Lowered peep slightly
Added 1 twist to string to straighten it out.


----------



## nuts&bolts (Mar 25, 2005)

One thing at a time. The arm on your glasses, needs to be parallel to the arrow.
Your head/neck is tilted backwards, cuz the draw length is just plain too long. If you go 1-inch longer on the draw, you will need to tilt your nose up even higher, the arm on your glasses will go even more uphill. So, the idea is to drop your chin to get the arm on your glasses parallel to the arrow. PURPLE arrow is your nose in your original picture. PURPLE arrow is your nose, with chin DROPPED down, to get arm of glasses parallel to the arrow.

BUT, if I drop my chin and nose THAT MUCH, the string will be behind the tip of my nose. Exactly.


----------



## nuts&bolts (Mar 25, 2005)

You set the peep height backwards. So, first mistake, the draw is too long. You just tip your head backwards, nose up higher and higher until you get the string to touch sky high nose, with the too long draw.
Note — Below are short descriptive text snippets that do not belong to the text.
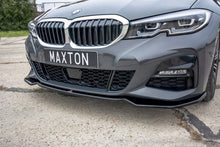 Load image into Gallery viewer, Maxton Design - FRONT SPLITTER V.2 BMW 3 G20 M-SPORT (2019-)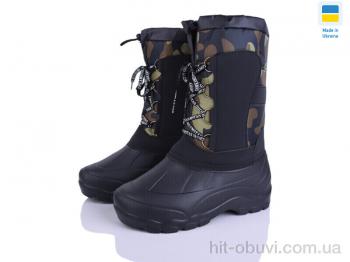 Сапоги из пены Favorit БМ10 хакі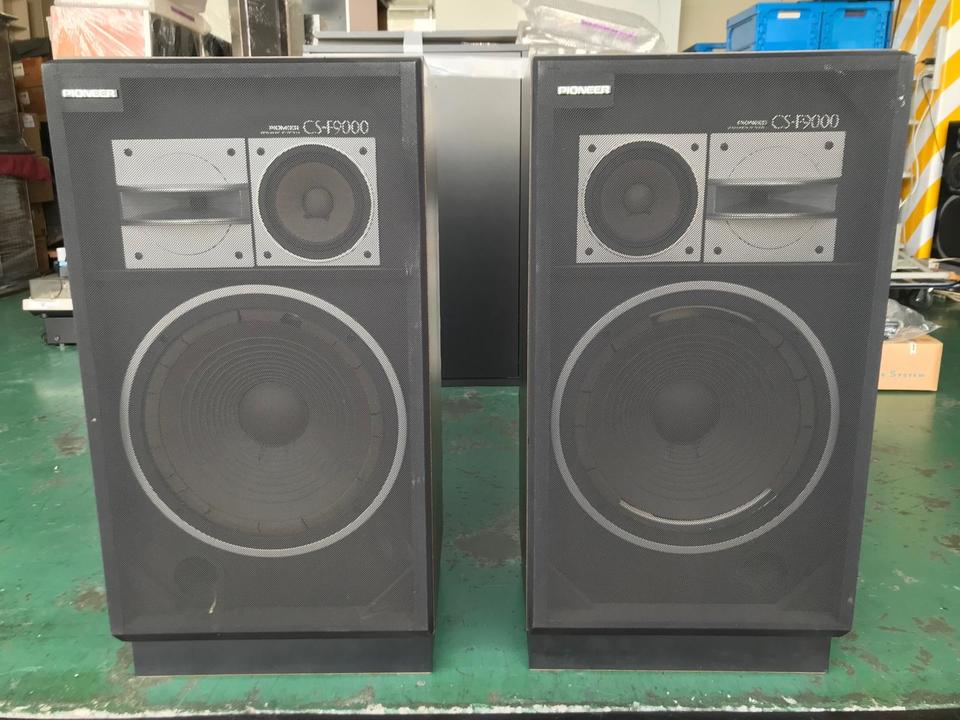 CS-F9000 Pioneer - 中古オーディオ 高価買取・販売 ハイファイ堂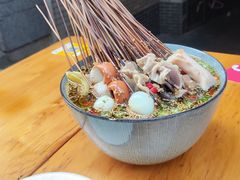 -重庆森林钵钵鸡(川大店)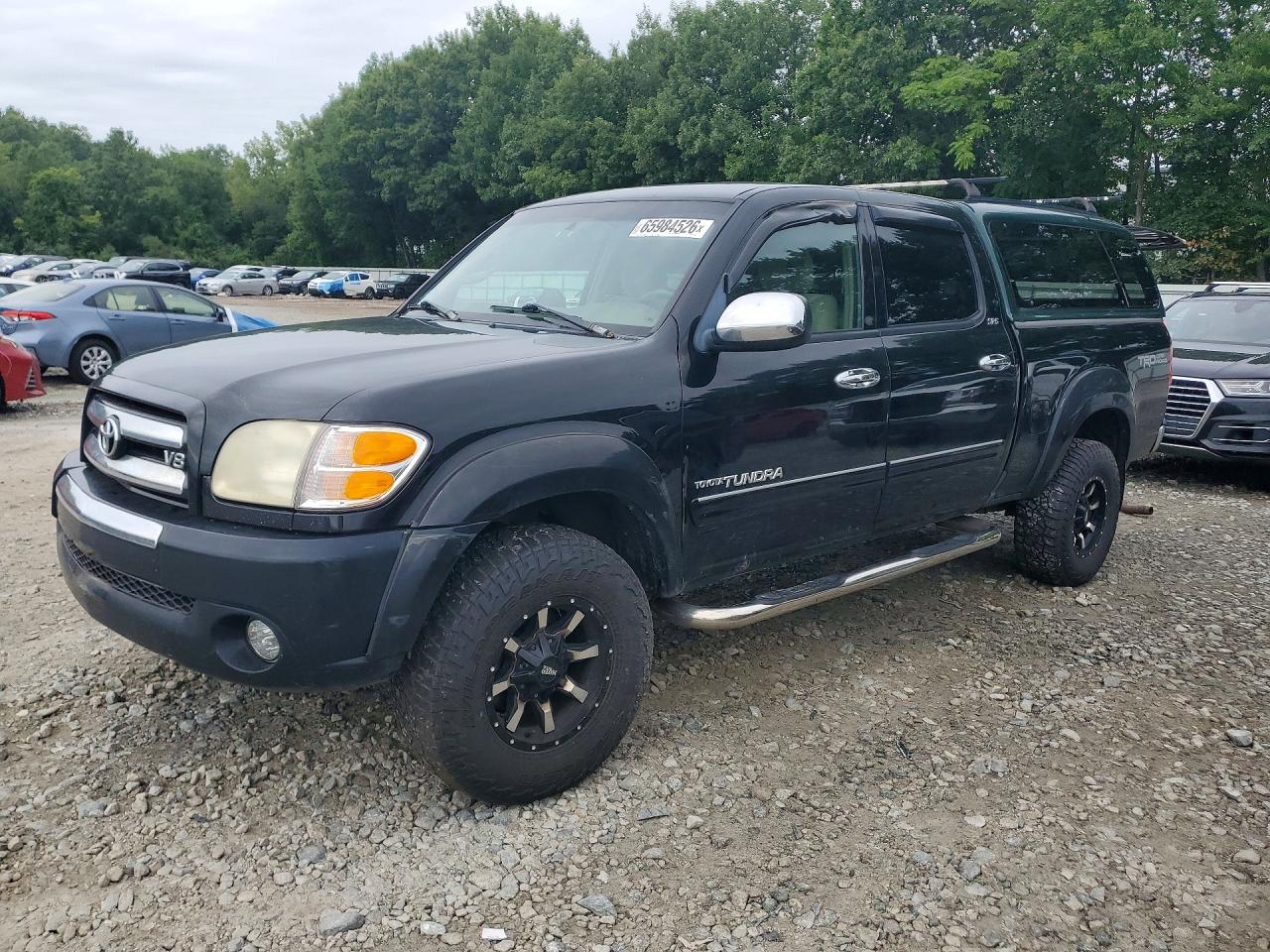 5TBDT44136S513633 · 2006 TOYOTA TUNDRA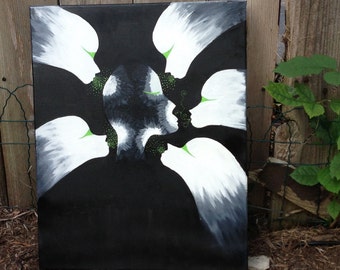 Ghost Painting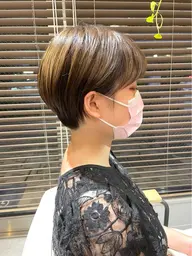 🌕カット+カラー🌕¥13,200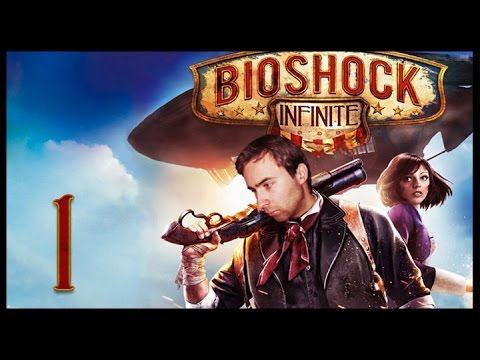 Zagrajmy w Bioshock Infinite PL E01 Powrót do Columbii! + Cosplay Booker Dewitt
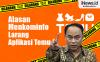 Infografis Alasan Menkominfo Larang Aplikasi Temu asal China Masuk RI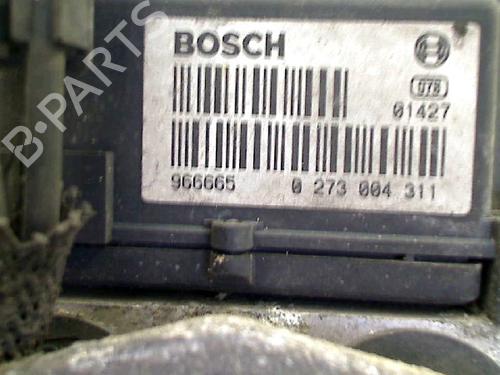Used ABS pump ABS pump MERCEDES-BENZ SPRINTER 2-t Platform/Chassis (B901, B902) 208 D (901.311, 901.312, 901.321, 902.311, 902.312,... (79 hp) 34653613 34653613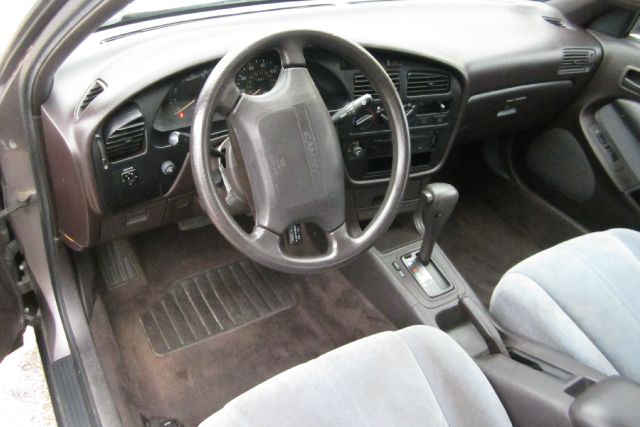 1992 Toyota Camry X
You figure if the string touches nose, no matter how high your nose is, the draw is good. Then, you set the peep sky high, so you can see through the peep, when your nose is sky high.

When I cut the top of your head off digitally, and rotate the upper half of your head back down, so that the arm on your glasses is PARALLEL to the arrow, this is where the string lands...this is how far the string lands BEHIND tip of nose, with the too long draw.










Dashed black line is the height of your nose up in the air. Purple arrow shows tip of nose in the BEFORE and AFTER photo. So, the red triangle is the string angle. You can see if the doctored right side photo,
how far the tip of your nose needs to drop, to get the arm on your glasses parallel to the arrow. 

So, the Blazer vanes are exactly 2-inches long. I duplicated the yellow box, and cut the width in half, so the upper yellow box is 1-inch wide. When I drop your nose down enough, so the arm on your glasses is parallel to the arrow, the string is running exactly 1-INCH behind tip of nose.


----------



## nuts&bolts (Mar 25, 2005)

So, you lean backwards and your nose is up sky high in the air, to get string (on a too long draw) to touch nose.
So, let's see what happens if you lean backwards even more.
So, let's see what happens if you stand up straight (backbone is vertical, means middle of neck is above belly button).










With backbone vertical (middle of neck above belly button),
with chin dropped low enough so the arms on your glasses are parallel to the arrow,
the string will land 1 FULL INCH behind tip of nose. Let's fix draw first, let's drop chin down so head is level, then, we can fix the high draw elbow.


----------



## rj2 (Sep 18, 2012)

Thanks so much for all your help. Here is pic from last night, another 1" shorter on draw length from orange shirt day.


----------



## nuts&bolts (Mar 25, 2005)

1) puff out your chest
2) the two collar bones are like a see-saw
3) left side collar bone is artificially low. Need to swing left collar bone UP.










If you get AGGRESSIVE with the bow arm, and push the riser away from your face, push off the right ankle, like you are trying to press the front stab into a pretend wall just in front of your front stab, the left collar bone will swing up. Double yellow arrows show you how much the left armpit needs to swing UP. When you get the left armpit to RISE up 1.5-inches, the right elbow will swing DOWN also 1.5-inches. Master this puff out the chest, and push the riser aggressively away from your face, and see if you can get the tops of both shoulders parallel to the arrow....after the next photo, we go onto the next step.


----------



## lcaillo (Jan 5, 2014)

The clavicles do not work like a seesaw. Or at least should not. They follow the shoulder and it is hard to have the bow shoulder too low. Lower means extended to the target, and that the scapula is held down which is stable. Letting it rise is a mistake IMNSHO. When you lower the elbow on the draw side, the scapula needs to come down as well. That requires more tension in the muscles that pull the shoulder down, such as lower lat, lower trap, serratus anterior, subclav, and pectoralis minor. Just shift the scapula down.


----------